[Captioned web images]
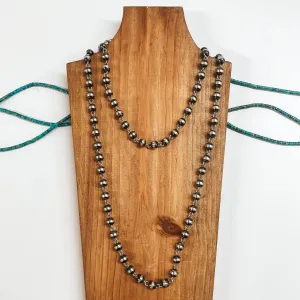 Navajo | Navajo Handmade Chain Link 10 mm Pearl Necklace | 48"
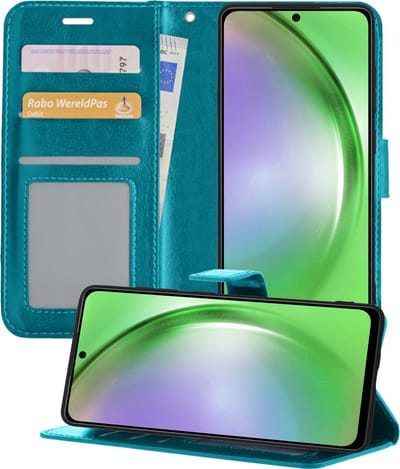 Hoesje - Met Pasjeshouder - Geschikt voor Samsung Galaxy A54 - Luxe Bookcase Portemonee - Flip Case - Kunstleer Book Case - Flipcase - Book Cover - Walletcase - Portemonneehoes - Telefoonhoesjes - Turquoise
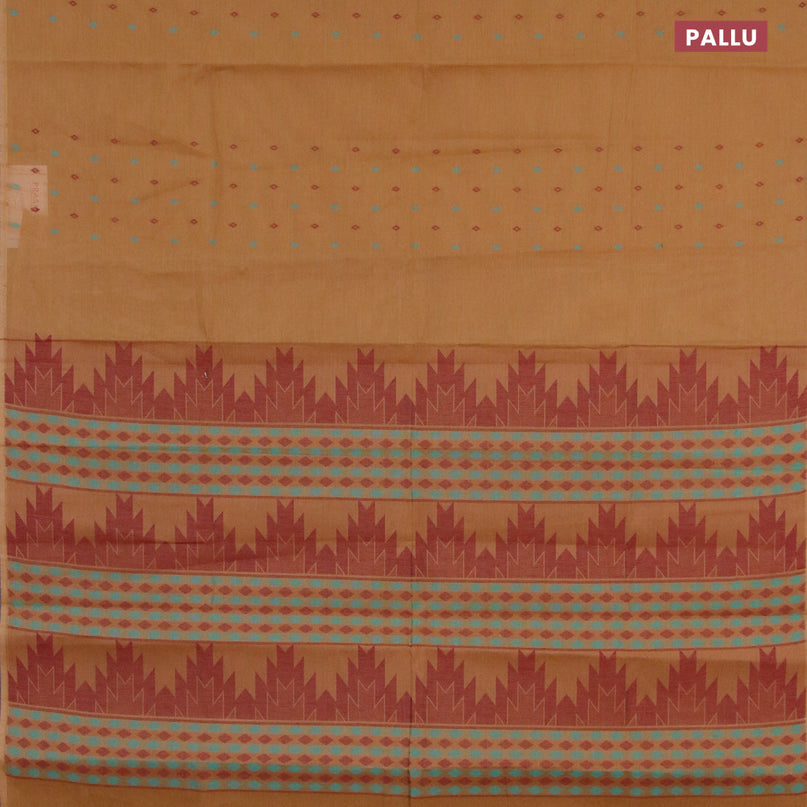 Nithyam cotton saree sandal with thread woven buttas in borderless style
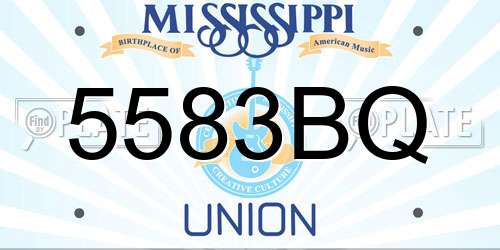 5583BQ Mississippi License Plate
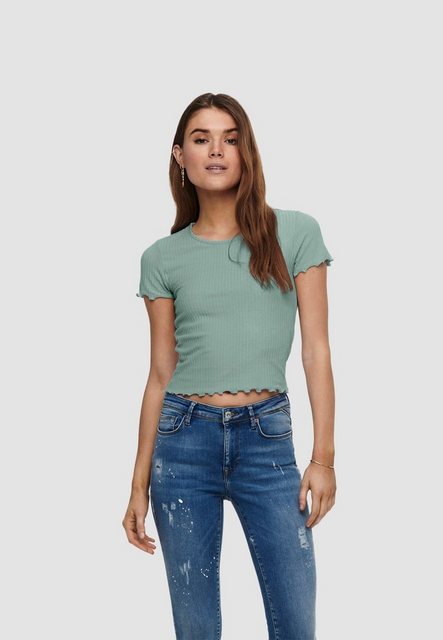 ONLY T-Shirt Geripptes Cropped T-Shirt Kurzes Rundhals Top Bauchfrei ONLEMM günstig online kaufen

▶ **EXERCISE INSTRUCTIONS**: All records must be output exactly as they are, except for the pictures, which are left out.

▶ **SOLUTION**:
 Navajo | Navajo Handmade Chain Link 10 mm Pearl Necklace | 48"
 Hoesje - Met Pasjeshouder - Geschikt voor Samsung Galaxy A54 - Luxe Bookcase Portemonee - Flip Case - Kunstleer Book Case - Flipcase - Book Cover - Walletcase - Portemonneehoes - Telefoonhoesjes - Turquoise
 Nithyam cotton saree sandal with thread woven buttas in borderless style
 5583BQ Mississippi License Plate
 ONLY T-Shirt Geripptes Cropped T-Shirt Kurzes Rundhals Top Bauchfrei ONLEMM günstig online kaufen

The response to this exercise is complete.